Nous regardons un film d’Yves Boisset. Kristina Janda y joue le rôle d’une Allemande, mais j’entends son accent polonais. Je ne suis pas seulement en train de dire que je reconnais l’accent : c’est une réminiscence physique. L’accent me traverse, convoquant immédiatement les visages de Piotr et Monica, la lumière blanche de Marseille l’été de mes treize ans.

Alors que nous installons l’exposition avec A, nous parlons de la quête des origines, des silences. Elle m’explique comment le mutisme de son père autour de sa propre mère, de sa grand-mère, l’a poussée à faire des recherches généalogiques. Elle s’est lancée dans un chantier d’écriture : inventer la vie d’une dizaine de personnes de sa famille, les reconstruire à partir de traces infimes, d’indices biographiques d’état civil. Je suis médusée par la joie qu’elle éprouve à inventer ces existences. Le manque ouvre un espace plus grand que la vérité. Au vernissage, Agnès arrive avec l’amie lectrice qui m’a écrit dimanche, je suis émue, je crois que nous ressentons toutes les deux le besoin de nous toucher, d’un geste qui dit je te connais.

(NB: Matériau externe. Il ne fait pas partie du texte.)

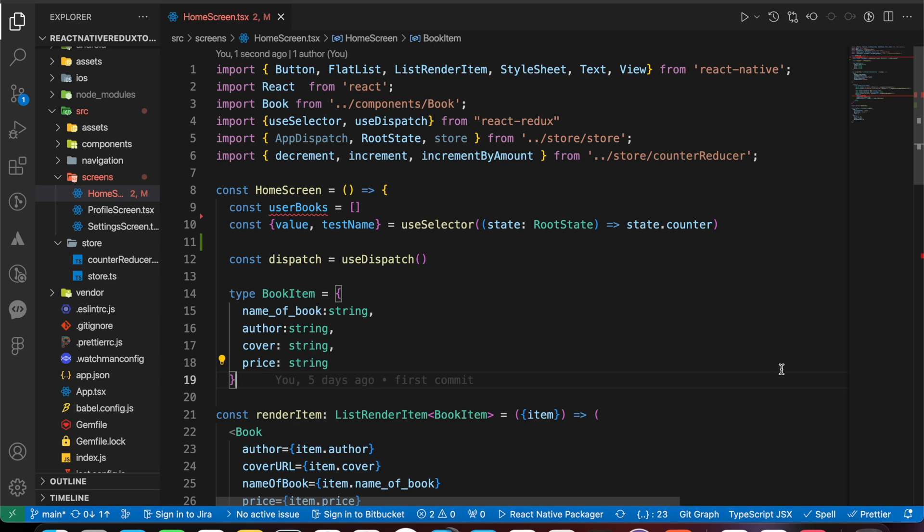In this lesson we're going to learn how to get data or create asynchronous actions using Redux Toolkit. We need to create actions that allow us to fetch data from an API or something.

Je trie ma messagerie, parfois j’ouvre des emails pour m’assurer de ne pas supprimer quelque chose d’important. Plongée vertigineuse. Des situations qui se répètent, des moments restés intacts dans ma mémoire, des échanges oubliés qui me troublent. Je redécouvre une assurance que j’ai l’impression d’avoir perdue tout à fait. Mais le sentiment d’être beaucoup plus libre aujourd’hui.

Neige de fleurs de cerisier. Au milieu du trottoir, deux enfants assis à califourchon sur une trottinette. Le plus grand chante Vent frais, vent du matin. Son chant est clair, presque lyrique. Ses mains battent en l’air la mesure à la manière d’un chef d’orchestre. Le plus petit l’écoute avec une intensité absolue. Être saisie par leur capacité à être pleinement là, à croire totalement à ce qu’ils font.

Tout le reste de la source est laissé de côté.